*** Opening of DATASET EXCERPT ***

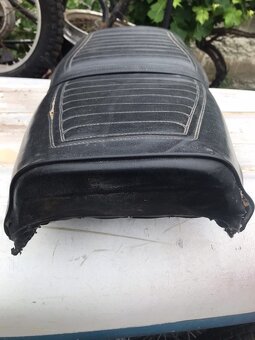 Sedadlo na Kawasaki KZ 650 (Z650) 1977 - 1979 - 4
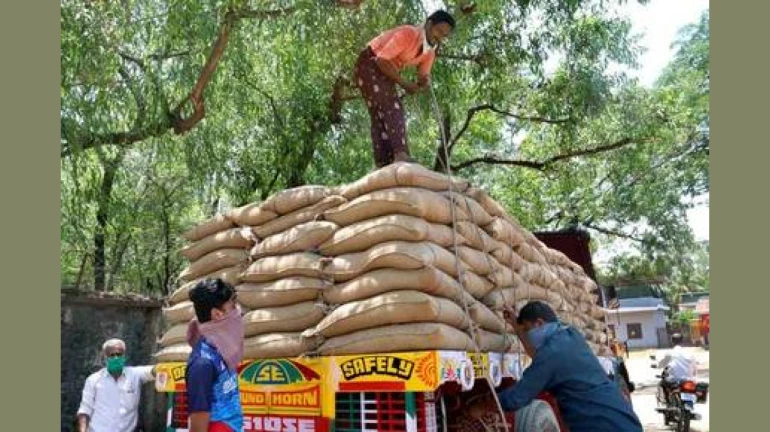 कालाबाज़ारी करनेवाले 39 दुकानों पर कार्रवाई कालाबाज़ारी करनेवाले 39 दुकानों पर कार्रवाई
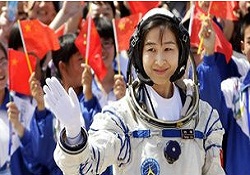 İlk Çinli kadın astronot uzayda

*** Close of DATASET EXCERPT ***

● GOAL OF THE EXERCISE
Reproduce, exactly and without pictures, the lines above from the one containing "कालाबाज़ारी करनेवाले 39 दुकानों पर कार्रवाई कालाबाज़ारी" through the last line of the material, both ends included, and nothing more.

● FINISHED TASK
 कालाबाज़ारी करनेवाले 39 दुकानों पर कार्रवाई कालाबाज़ारी करनेवाले 39 दुकानों पर कार्रवाई
 İlk Çinli kadın astronot uzayda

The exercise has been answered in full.